Using ES6 Generators And Yield To Implement Asynchronous Workflows In JavaScript
CAUTION: This post is basically a "note to self" exploration.
One of the main reasons that I wanted to read Exploring ES6 by Dr. Axel Rauschmayer was that I needed to learn more about ES6 Generators. At work, some of the engineers have been using ES6 Generators to make asynchronous code look and feel like synchronous code. Which is super awesome; but it is, at the same time, a total mystery to my primordial ES5 brain. What I didn't realize, when reading that kind of code, was that the most important aspect of the code was completely hidden away. This post is an attempt to look at that "hidden" code as a means to gain a more holistic understanding of how ES6 generators can be used to manage asynchronous workflows.

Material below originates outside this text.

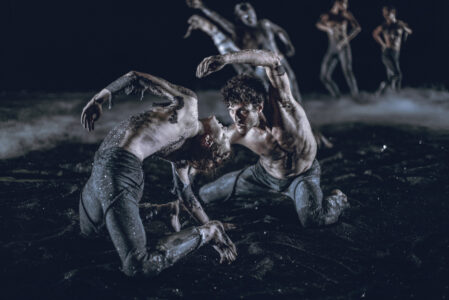 On a stage covered with glittering black rubble, two topless people dance on their knees, bending towards each other, one backwards, the other forwards. In the background, four blurred people dance upright.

On their own, ES6 generators aren't necessarily "asynchronous" in nature. They are just iterable. They are like little state machines that iterate over yield-delimited portions of the generator function body. This iteration can be performed synchronously or asynchronously, depending on the calling code; the generator doesn't care one way or the other.
For example, here's a generator function that is being consumed synchronously:
function* poem() {
yield( "Roses are red" );
yield( "Violets are blue" );
yield( "I'm a schizophrenic" );
yield( "And so am I" );
}
// By invoking the generator function, we are given a generator object, which we can
// use to iterate through the yield-delimited portions of the generator function body.
var iterator = poem();
// Invoke the first two iterations manually.
console.log( "== Start of Poem ==" );
console.log( iterator.next().value );
console.log( iterator.next().value );
// Invoke the next iterations implicitly with a for-loop.
// --
// NOTE: When we iterate with a for-of loop, we don't have to call `.value`. This is
// because the for-of loop is both calling .next() and binding the `.value` property to
// our iteration variable implicitly.
for ( var line of iterator ) {
console.log( line );
}
console.log( "== End of Poem ==" );
As you can see, we invoke the generator function to produce the generator object. We then synchronously iterate over the generator object both explicitly with calls to .next() and implicitly with a for-of loop. And, when we run this code in the terminal, we get the following output:
== Start of Poem ==
Roses are red
Violets are blue
I'm a schizophrenic
And so am I
== End of Poem ==
Notice that all of the console-logging appears in the terminal in the same order in which it was defined in the code. This is because all of this code executed synchronously; there's nothing implicitly asynchronous about generators.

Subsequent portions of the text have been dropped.